**GIVEN INFORMATION**

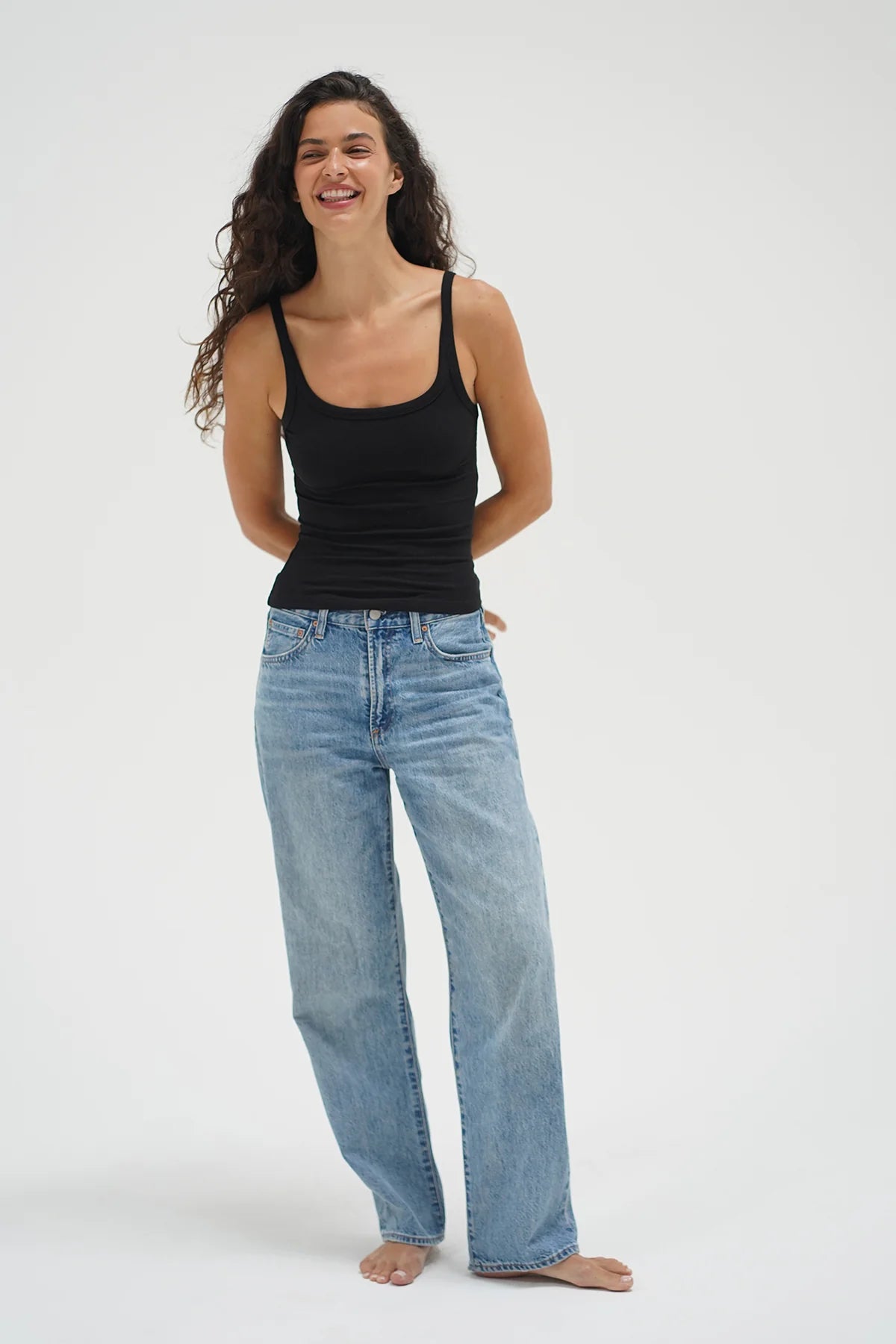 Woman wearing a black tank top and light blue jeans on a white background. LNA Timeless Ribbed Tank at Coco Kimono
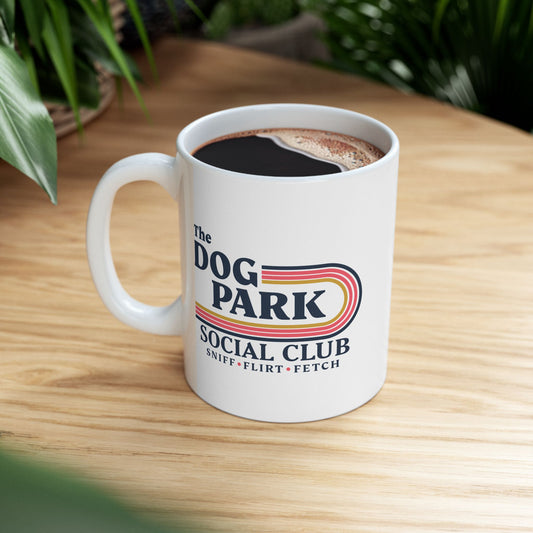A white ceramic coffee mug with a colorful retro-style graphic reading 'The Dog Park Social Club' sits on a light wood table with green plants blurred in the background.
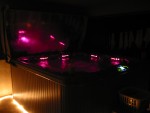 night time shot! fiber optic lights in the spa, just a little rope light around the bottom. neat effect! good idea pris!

**EXERCISE**
Copy all of the listing word for word, minus the images.

**SOLUTION TO THIS PROBLEM**
 Woman wearing a black tank top and light blue jeans on a white background. LNA Timeless Ribbed Tank at Coco Kimono
A white ceramic coffee mug with a colorful retro-style graphic reading 'The Dog Park Social Club' sits on a light wood table with green plants blurred in the background.
 night time shot! fiber optic lights in the spa, just a little rope light around the bottom. neat effect! good idea pris!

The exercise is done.